Do you think it’s too late in the year to plant that autumn joy sedum? I googled it. That looks beautiful.
Hey, guys, thanks. Lots of good ideas here. I realize that I am probably starting too late in the year to grow things from seeds.
I did plant a freesia bulb, or I guess it was a bunch of them. Someone told me they were super easy. Well, it never did anything. I…keep…watering it. I think I’ve killed it. So frustrating. I am really not good at this at all.
All my mother does with hers is put a sheet of transparent plastic (the kind used for greenhouses in the Sea of Plastic) over the plants during the winter, and stop watering until the plastic is removed. I only water occasionally (very occasionally) and the geraniums are perfectly happy; that’s in a location which can see snowfalls in August.
In college my window had these pink ones with small flowers, called Gitanilla, which are climbers: since they had no trellis, they fell down to cover my neighbor’s window instead. I apologized when I saw that but she pointed out that her view behind the flowers was of a red brick wall: the flowers were much prettier. This was in Barcelona, where snow falls about once every twenty years: no need to cover the plants at all.
Yeah, I forgot to mention they are quite bug and fungus resistant. I might see an occasional bite taken out of a leaf, but that’s about it.

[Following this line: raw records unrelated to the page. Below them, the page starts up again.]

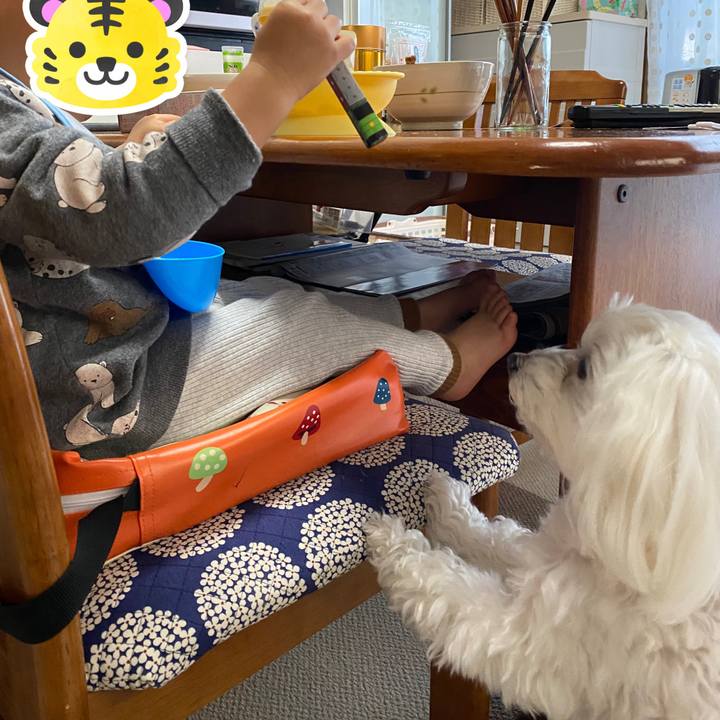 Dba92426 9ed9 4ebc be0f 53fe110e071b 1642841435694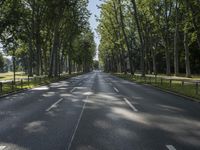 a street in the middle of some trees and grass on either side of the road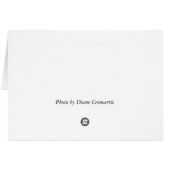 Tabby Cat (Achterkant Horizontaal)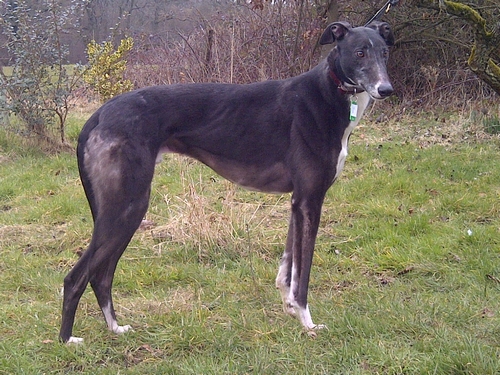 Joe male black greyhound
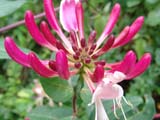 Lonicera periclymenum  Serotina -   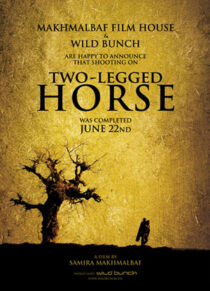 دانلود فیلم Two-Legged Horse 2008386427-54666481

The name and the being poisonous to bugs were tickling my brain; I checked and yes, four o’clocks are the kind called in Spanish dondiego de noche (Don Diego by night). In Spain they’re sometimes combined with dondiego de día (Don Diego by day), which looks similar and needs similar care but closes and opens in opposite patterns. The scientific name of this other plant is Ipomoea Purpurea.
I never realized that was a type of rose. They truly get everywhere, though.

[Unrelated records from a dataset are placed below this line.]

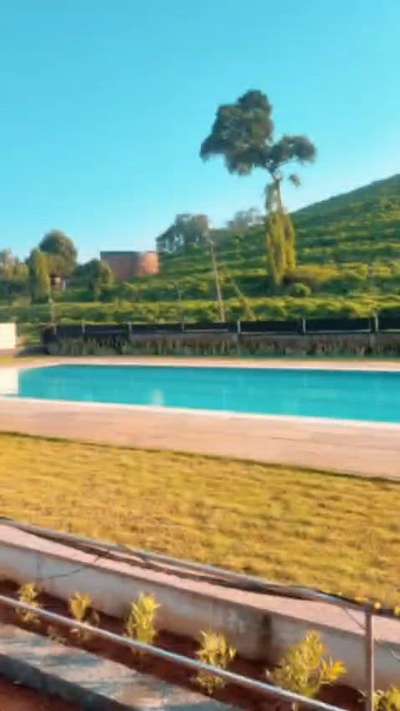 Project completed by Crystal Pool Solutions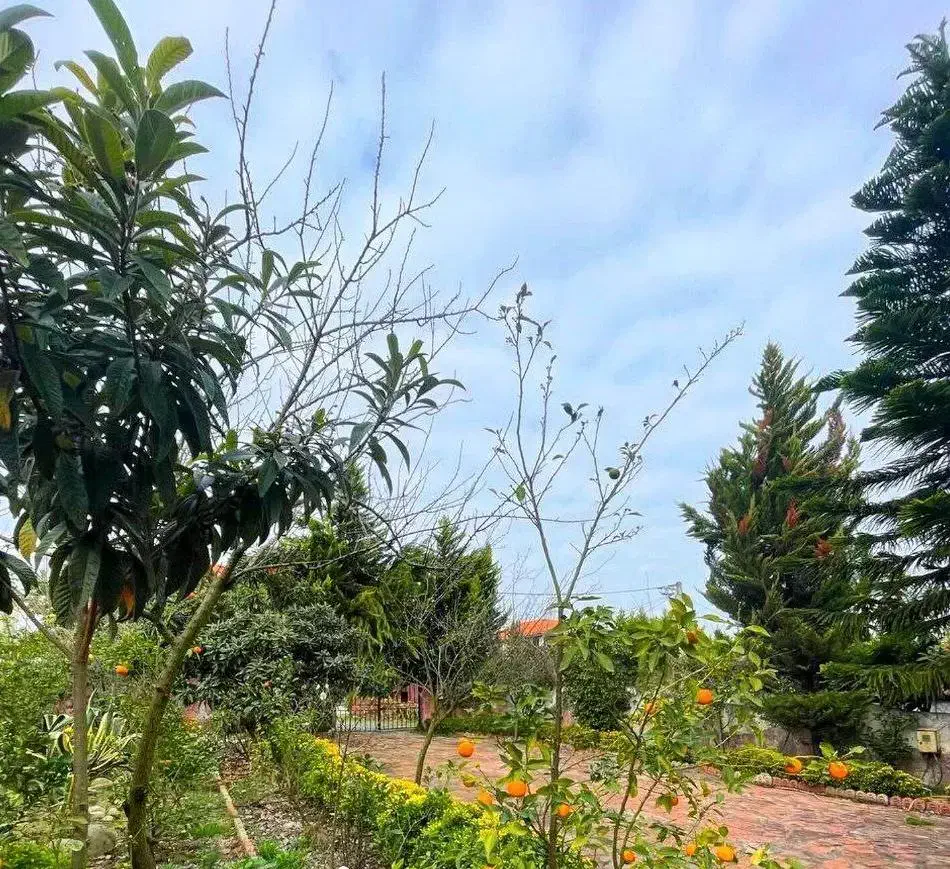 باغ ویلای ۸۰۰متری//شهرک قدیمی سنددار|فروش خانه و ویلا|رویان, |دیوار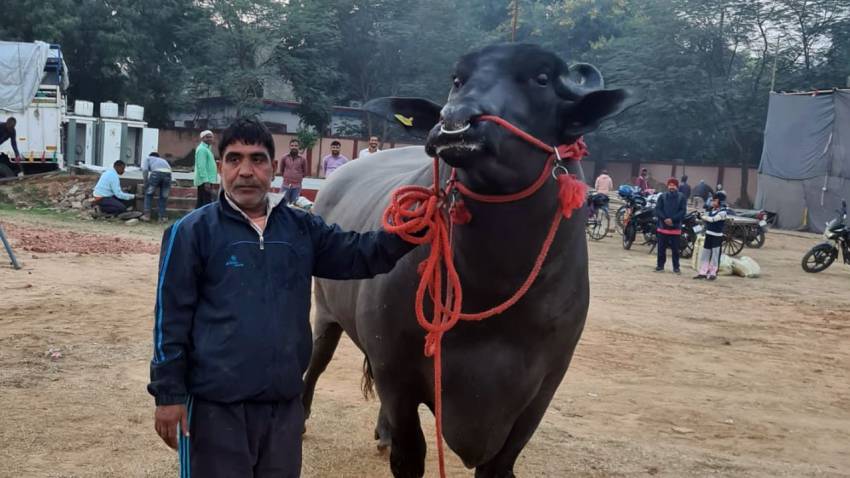 Famous Murrah bull "Golu 2" reaches Bihar for the Bihar Dairy and Cattle Expo 23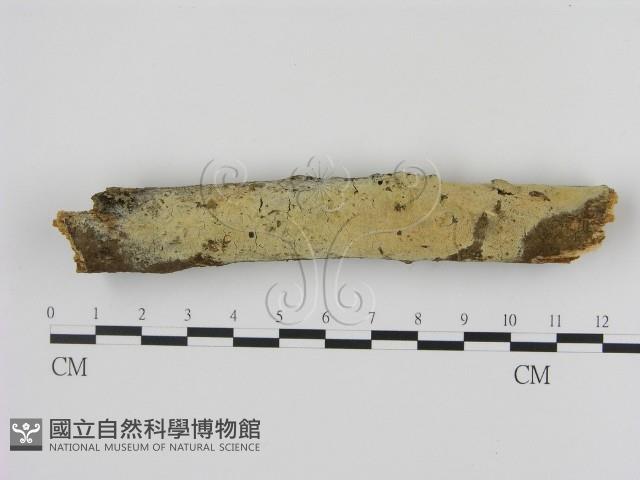 剛毛絲皮菌藏品圖，第1張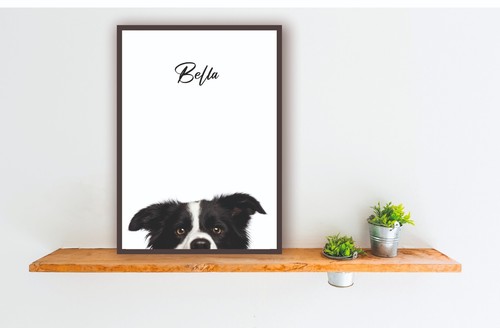 Border collie sheep dog - border,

You won’t be able to buy them again (as plants, that is, from seeds they’re not very easy) until the fall when the icicle type that survives over winter is sold, but pansies are pretty easy. I bought bunches about seven or eight weeks ago, and due to difficulty finding enough plants in the two colors I wanted inadvertently ended up keeping some of the poor things in the basement almost two weeks, watering them 3-4 times a week while they languished in the dark. I planted them in three big plastic tubs, dead-headed them, and put them out on the deck. I haven’t touched them since - not even watering them - and they’re thriving.
This thread has inspired me to plant a row of flowers along my mom’s back fence. Using a location visible from her dining table.
Too late this year. This needs to be done after the last frost in mid March.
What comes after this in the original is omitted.